Broadacres’ sustainability drive has received a major boost following a significant investment in our homes to make them more energy efficient.
We have introduced a range of measures across our homes in North Yorkshire, as part of the drive to ensure our customers are warm and that we become a net zero carbon organisation by 2050.
One of the most significant investments has been the switch to low carbon air source heat pumps (ASHPs) to keep homes warm. We recently installed our 800th heat pump, so now 1 in 8 of our homes has one.
Even though all its new build homes now have heat pumps fitted as standard, the vast majority of the 800 pumps have been installed in Broadacres’ existing homes.

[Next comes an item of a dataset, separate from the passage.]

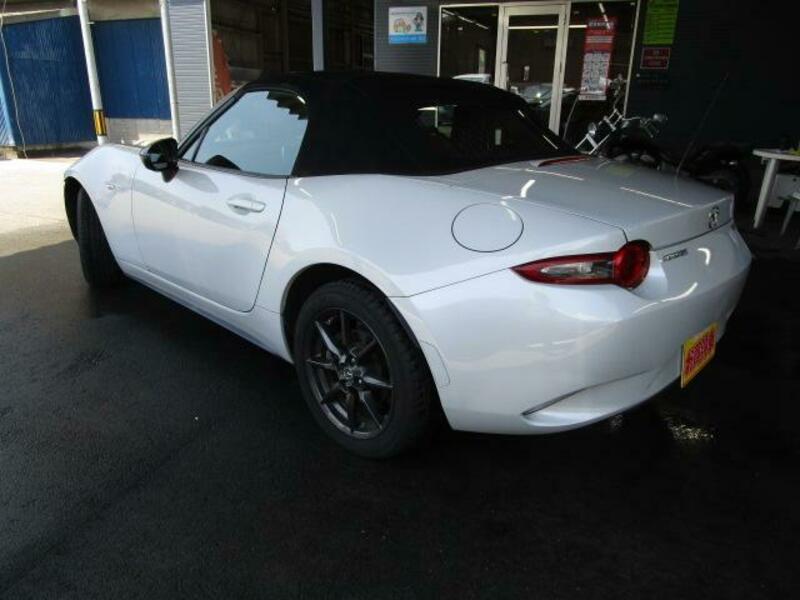 ROADSTER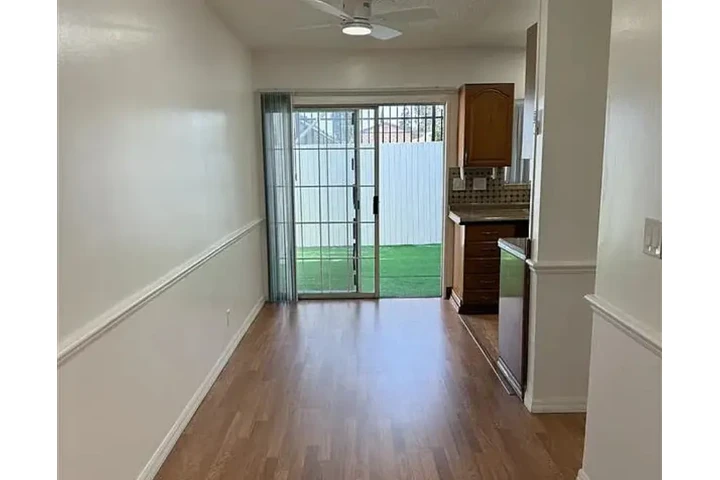 $1795 : Spacious 2 story - 2 bedroom 1 image 1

These have been in areas without access to mains gas, replacing oil and LPG central heating and storage heater systems – although by 2050, a low carbon heating system will be installed in every one of our 6,700 homes.
In addition, Broadacres has also been carrying out a range of other work on our existing homes to improve their energy efficiency, including the installation of solar panels, underfloor insulation, loft insulation and replacement windows.
All new windows installed by Broadacres are now triple glazed and in 2023/24 alone, a total of £1.8 million is being spent on a window and door replacement programme.
All this combined has helped Broadacres to increase the number of homes which now achieve at least an Energy Performance Certificate (EPC) Band C rating.
In 2020, Broadacres had over 2,000 homes which did not achieve Band C, but this figure is now below 1,400 and we are now on track to have all our homes at this level or higher by 2028 – two years ahead of the 2030 target set by Government.
Among those to benefit from energy efficient investments on their homes is David Cashmore, whose bungalow in Great Ayton has had both an air source heat pump and solar panels installed.
He says: “I used to have storage heaters which were very wasteful on energy, but the heat pump is so much better and more efficient, and I have total control of it so I can shut it off completely when I am not using it to save money.
“The solar panels are also helping because I know the best time to take advantage of them in regard to using electricity, so for example I always cut my grass at these times.”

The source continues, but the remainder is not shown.